Our primary assessment tool in Humanties I and II (HUMN 2001 and 2002) is an extemporaneous essay exam. Typically, you are asked to write an essay or two in response to a question that you may – but often do not exactly – know in advance. In this essay you compare and contrast cultures, and you analyze specific artistic productions of a culture. You receive a numeric grade that is itself a number formed from three numeric grades given independently by three different professors. In general, you receive no specific feedback (i.e., no feedback directed toward your essay and its particular strengths and weaknesses) and so have no clear sense of why you earned the grade you earned. There are reasons for this: with respect to the final score, it can (for a variety of reasons) get tricky when the exact grade of each instructor is known, and with respect to the lack of comments, it can get tricky if all three instructors comment and, more importantly, there is not enough time to comment on so many essays (many instructors have to two or three sections and so have to read eight to a hundred-and-twenty of these) in a timely fashion (since midterm and final grades are due so quickly, and, to complicate matters further, the team has to grade one stack and then quickly pass it along to teammates).

There are things about this process that I value. I think that the essay does indeed require you to do what we want you to be able to do as a result of this course, and I think that it shows whether or not and to what extent you have done this. However, it comes with certain consequences. First, the grading is not transparent. Second, there is no clear means for helping you to improve. Third, it is very difficult for an outsider to quickly assess this assessment. In other words, the essay has you do many things all at once, and each assessed part is not clearly broken out. This also makes it hard for students: students leave points on the table in part because they get caught up with composing and in the process skip over some of thinking for which we are looking. (We see a lot of filler – or things that might make for a nice Composition essay but are not necessary for our Humanities exams.) What is worse, you might not know whether you’re doing this, and if so, where and how you are doing it (“it” meaning ‘leaving points on the table’).

The assessment tool that we are attempting to devise – with your help – attempts to get you to do all the things that you should be doing in the essay, and it breaks them out into discrete parts. Thus, as Elizabeth noted in class, it is indeed an essay broken into parts. This should, we hope, have many advantages. First, it makes clear what should be there, so that if you skip some part of it, you do so knowingly. Thus, for instance, you shouldn’t lose points for failing to define terms in an essay, or making the historical context (background events and trends) clear, or not having a thesis – although many students do fail to provide those things in their essays. Second, students sometimes write unbalanced essays, meaning that they put too much into one part of the essay and so lose out on the points to be earned elsewhere. This sheet should help you to balance what you write. Third, you won’t have to worry about compositional skills, such as transitions and topic sentences and they like. Fourth, it is easier to practice the assessment with these sheets, whereas there’s no real practice (with feedback) with the essays. Fifth, the grading will be transparent: it will be clear where you do – or fail to – earn points. Lastly, since each sheet will focus on a specific discipline, we’ll each grade the one focused on our discipline – so we won’t each grade every one – and this will make grading go faster. In fact, we plan to grade as a team so that we can ask each other questions and calibrate our grading as we go. This is a large part of what will enable us to grade assessments throughout the semester and not just as midterm and final.

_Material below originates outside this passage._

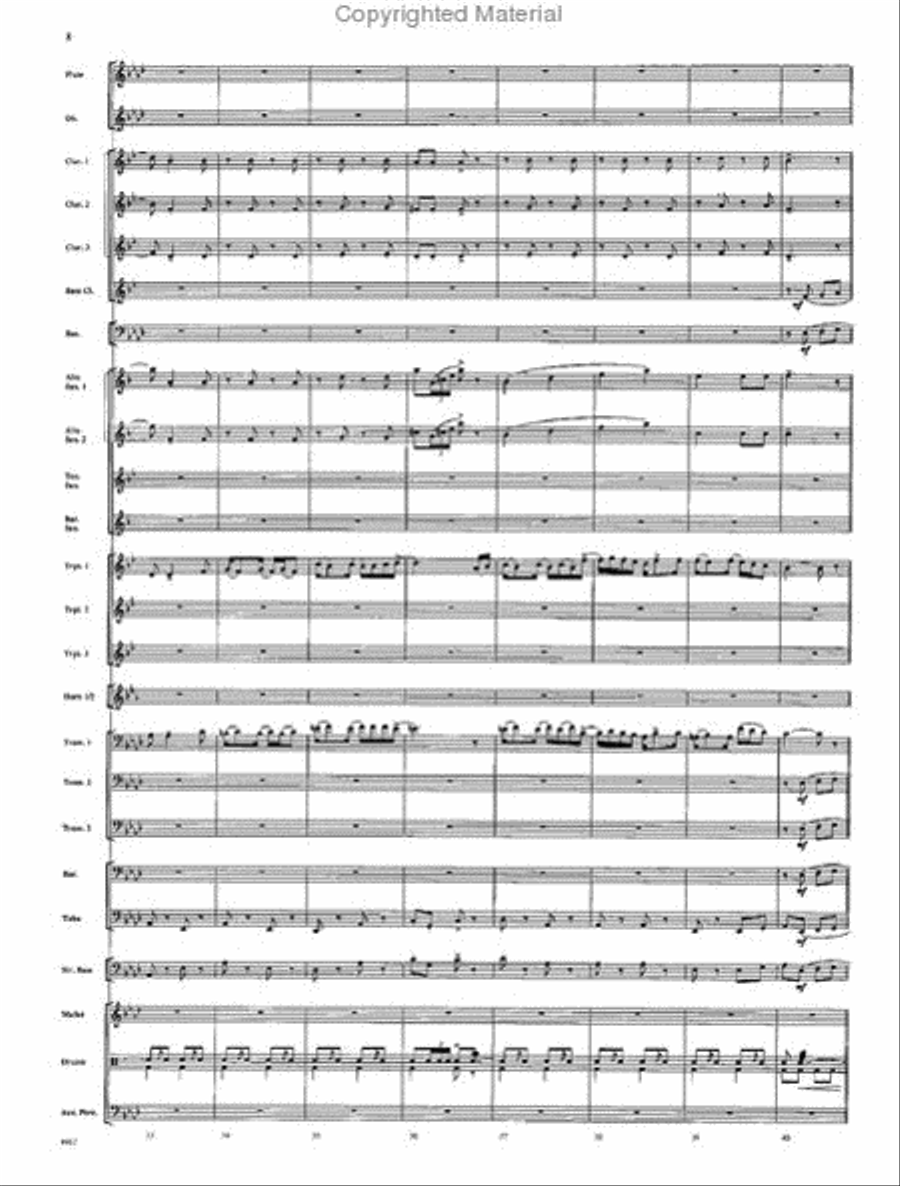 A Scott Joplin Retrospective Concert Band scores gallery preview page 7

The assessments will still be tough, as should be clear from the bit of practice that we’ve done. You’ll have to know your stuff – historical context, period concepts, thematic questions, the focus pieces, and how to analyze those pieces. But our hope is that what we’re doing gives you greater awareness of what is going on, more control over what you are doing, and a more transparent sense of what you are graded on and how and why you earn the grade that you earn.